Monday, December 27, 2010

Fall color in San Diego (Oh... its winter?)

Its the middle of winter in San Diego right now... and the best fall color I have ever seen here. Something about the weather this winter (early cold, lots of rain at just the right time) prompted all of the trees that change color to put on their best show. The Liquidambars were bright red flames, the Mulberrys were gorgeous lemon yellow, the Crape Myrtles were a rich rust and even the Chinese Elms (which I would never never list as a fall color tree) had a lovely yellow cast to them.  All of the photos included are ones I took around town... really!

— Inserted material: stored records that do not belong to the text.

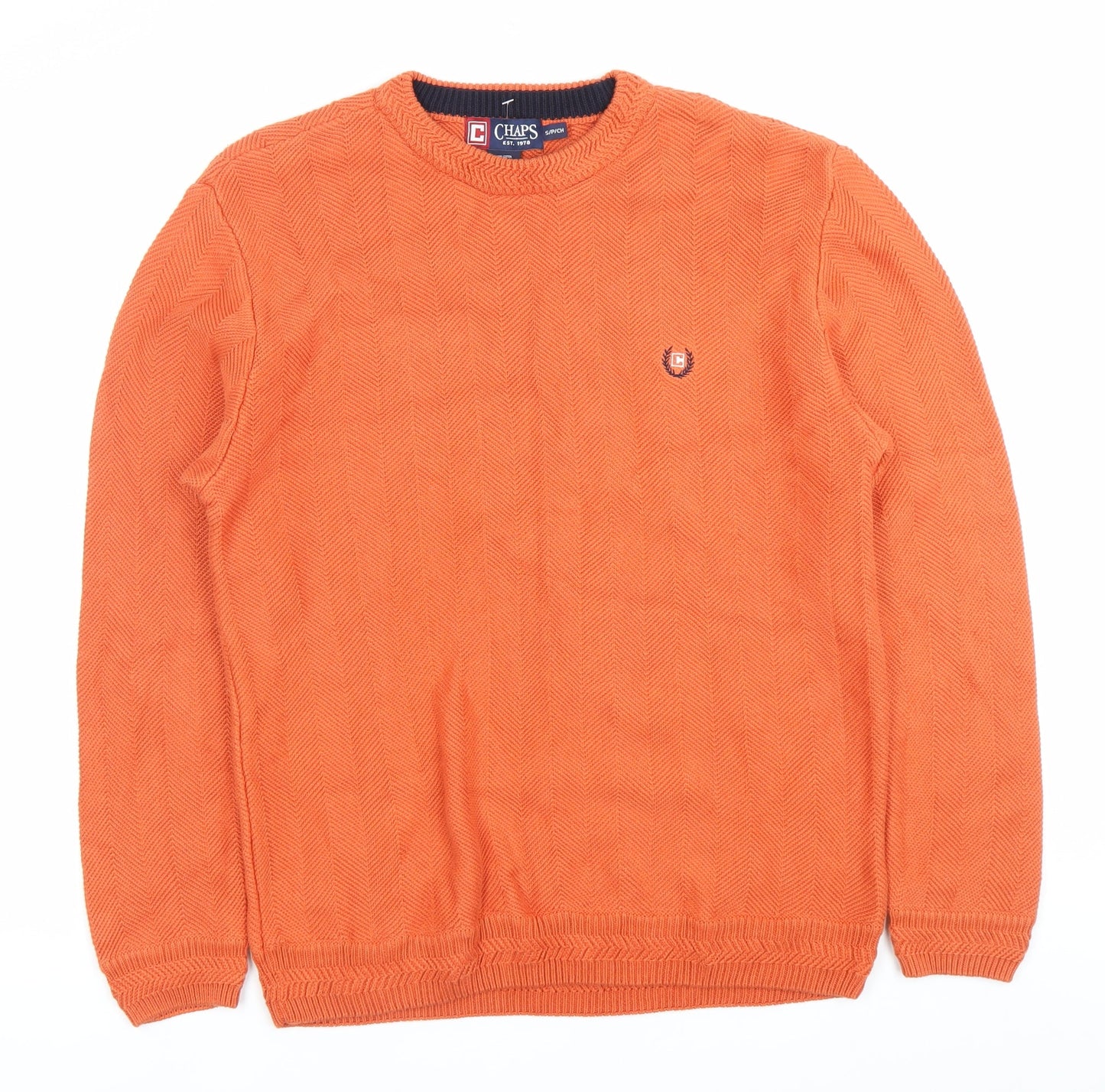 Chaps Men's Orange Knit Cotton Pullover Jumper Size S Crew Neck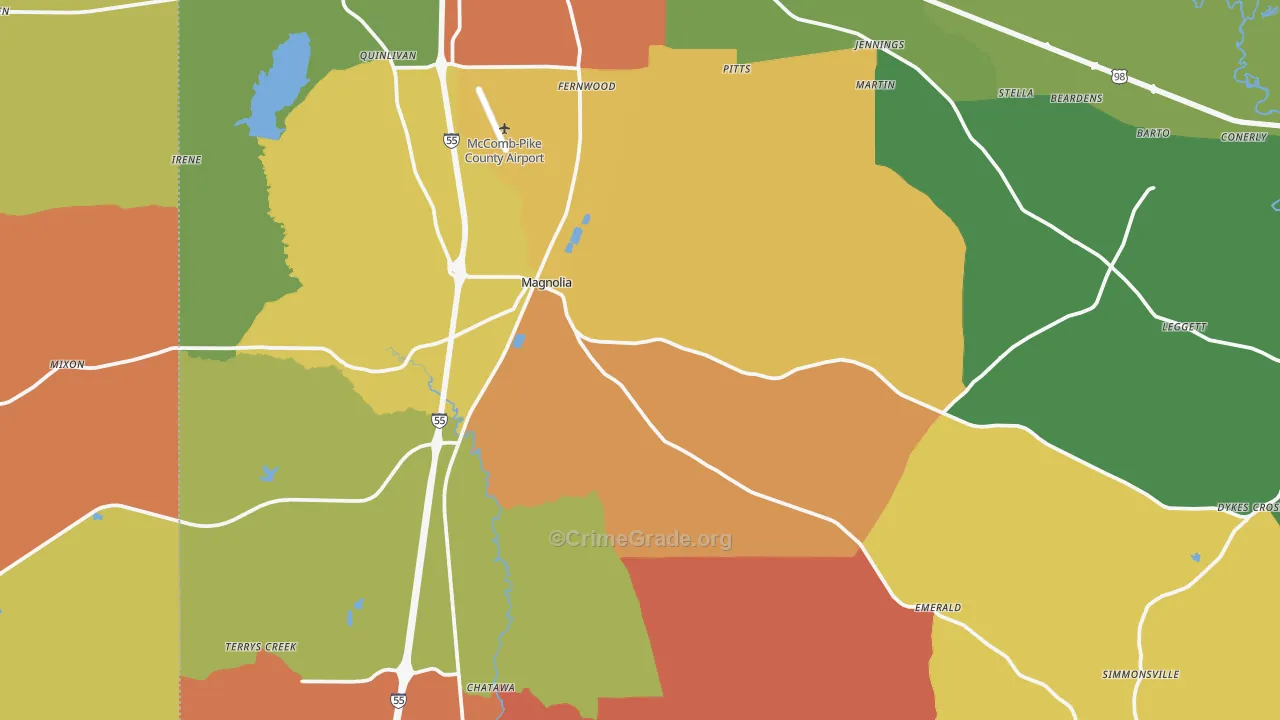 Magnolia, MS Map of Drug-Related Crime Rates
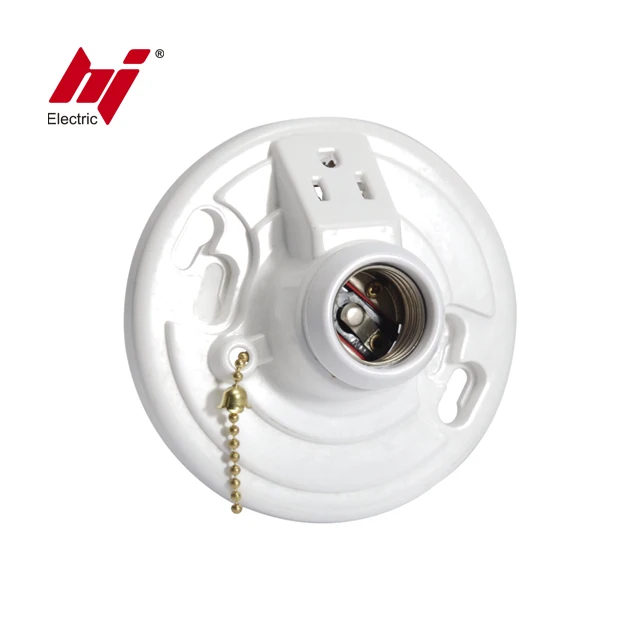 Ceiling Type LampHolder E26 Rubber Lamp Holder with Pull Chain and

So a quick list of great fall color to include in your garden if you live in Southern California:

- Liquidambar (Palo Alto is very popular but there are a lot of these to chose from, primarily red and burgundy)
- Pistacia chinensis, Chinese Pistache, bold red
- Ginkgo biloba, light lemon yellow
- Crape Myrtle, rust red
   - Mulberry, lemon yellow
   - Chinese Tallow Tree, red orange and yellow all at once
   - Fruiting peach, orange red
   - Japanese Maple (or Silver Maple if you live inland), bold red
   - Boston Ivy (vine) bright red

Monday, December 20, 2010

Sage featured in Union Tribune

 A Sage project was featured this Sunday in a special section in the Union Tribune (our main newspaper in San Diego) titled Distinguished Digs, by Lou Shook. I have worked with a few magazines before, but this was my first newspaper article. I was surprised by how different the process was. In the magazines, they may photograph a project and not print the story for two or even three years (especially in the national publications). One person photographs the project, another person acts as art director and yet another person writes the copy.

So to me, the process of working with Lou to put this together just flew past, about two weeks from him picking my brain for an article idea to the actual printing. The other thing that surprised me, but shouldn't have, is that the newspapers don't send you the story ahead of time to fact check. The magazines do this religiously to avoid lawsuits but the paper enjoys a level of freedom of the press that makes it unnecessary and way too time consuming. It makes working with the papers much more intimidating, since you don't really know what they'll print.

I'd say the magazines are more of a marathon and the newspapers are more of a sprint.